Author Contributions
Conception and design: Paul Köhli Acquisition of data: Ali E. Güven, Paul Köhli, Erika Chiapparelli, Lukas Schönnagel, Gisberto Evangelisti, Roland Duculan Analysis and Interpretation of data: Paul Köhli, Alexander P. Hughes Drafting the article: Paul Köhli. Critically revising the article: all authors. Preparation of Graphical Content: Paul Köhli. Reviewed submitted version of manuscript: all authors. Approved the final version of the manuscript on behalf of all authors: Alexander P. Hughes. Statistical analysis: Paul Köhli, Daniel M. Alschuler, Ranqing Lan. Administrative/technical/material support: Jennifer Shue, Study supervision: Alexander P. Hughes.
Funding
The authors received no financial support for the research, authorship, and/or publication of this article.
Declaration of Conflicting Interests
The authors declare that they have no competing interests related to the materials or methods used in this study or the results reported in this article.
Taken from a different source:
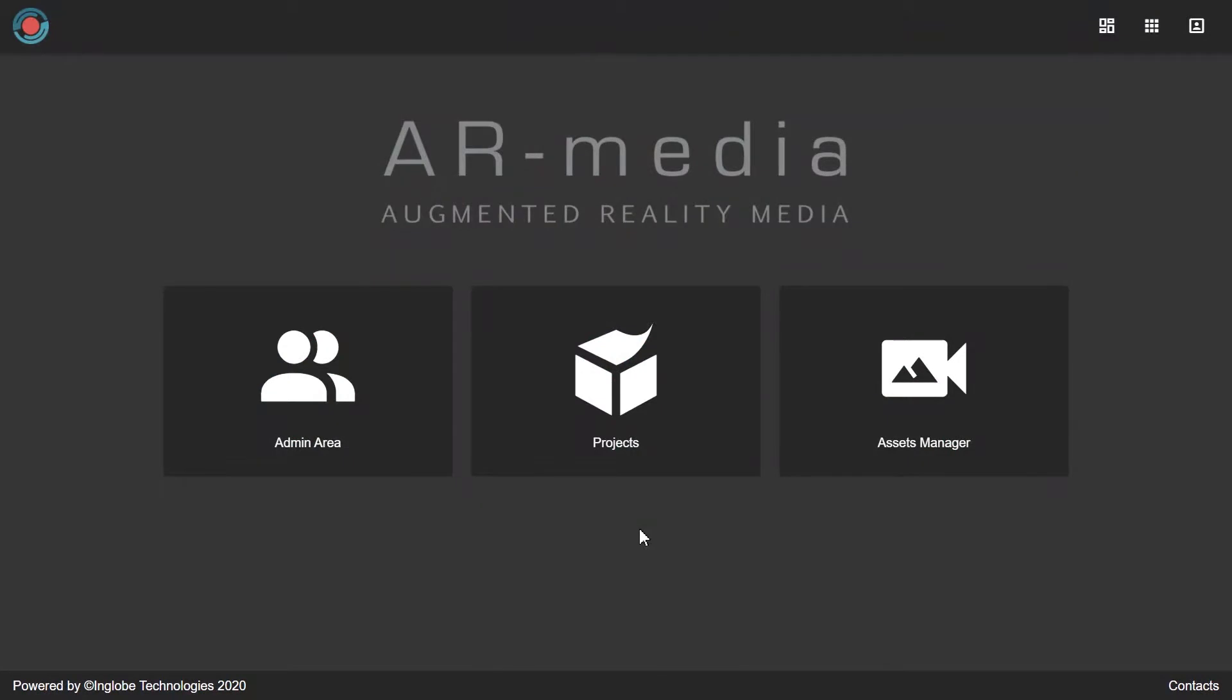In order to create an interactive 3D model with buttons, start by uploading your assets into the AR Media Platform's Asset Manager.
Data Availability Statement
The underlying data is available on reasonable request to the corresponding author.
Disclosure
Dr. Sama reports royalties from Ortho Development, Corp. DePuy Spine Products/Medical Device Business Services, Clariance, Inc.; private investments for Vestia Ventures MiRUS Investment, LLC, ISPH II, LLC, ISPH 3, LLC, and Centinel Spine (Vbros Venture Partners V); consulting fees from DePuy Spine Products/Medical Device Business Services, Clariance, Inc., Kuros Biosciences AG; speaking and/or teaching arrangements for DePuy Spine Products/Medical Device Business Services; membership of scientific advisory board of DePuy Spine Products/Medical Device Business Services, Kuros Biosciences AG, Clariance, Inc., and research support from Spinal Kinetics, Inc./Orthofix, Inc., outside the submitted work. Dr. Cammisa reports royalties from Accelus; ownership interest for 4WEB Medical/4WEB, Inc.; Healthpoint Capital Partners, LP; ISPH II, LLC; ISPH 3 Holdings, LLC; Ivy Healthcare Capital Partners, LLC; Medical Device Partners II, LLC; Medical Device Partners III, LLC; Orthobond Corporation; Spine Biopharma, LLC; Tissue Differentiation Intelligence, LLC; Tissue Connect Systems, Inc.; VBVP VI, LLC; VBVP X, LLC; Woven Orthopedics Technologies; consulting fees from Spine Biopharma, LLC, and Accelus; membership of scientific advisory board/other office of Healthpoint Capital Partners, Medical Device Partners II, LLC, Orthobond Corporation, Spine Biopharma, LLC, and Woven Orthopedic Technologies; and research support from 4WEB Medical/4WEB, Inc., Camber Spine, Choice Spine, DePuy Synthes, Centinel Spine, and Royal Biologics outside the submitted work. Dr. Girardi reports royalties from Lanx, Inc. and Ortho Development Corp.; ownership interest in Centinel Spine, BICMD; consulting fees from Lanx, Inc., Ortho Development Corp, and Sea Spine; stock ownership in Centinel Spine, Healthpoint Capital Partners, LP; membership of scientific advisory board/other office of Healthpoint Capital Partners, outside the submitted work. Dr. Hughes reports research support from Kuros Biosciences AG and Expanding Innovations, Inc.; private investments in Tissue Connect Systems, Inc.; and fellowship support from NuVasive, Inc. outside the submitted work.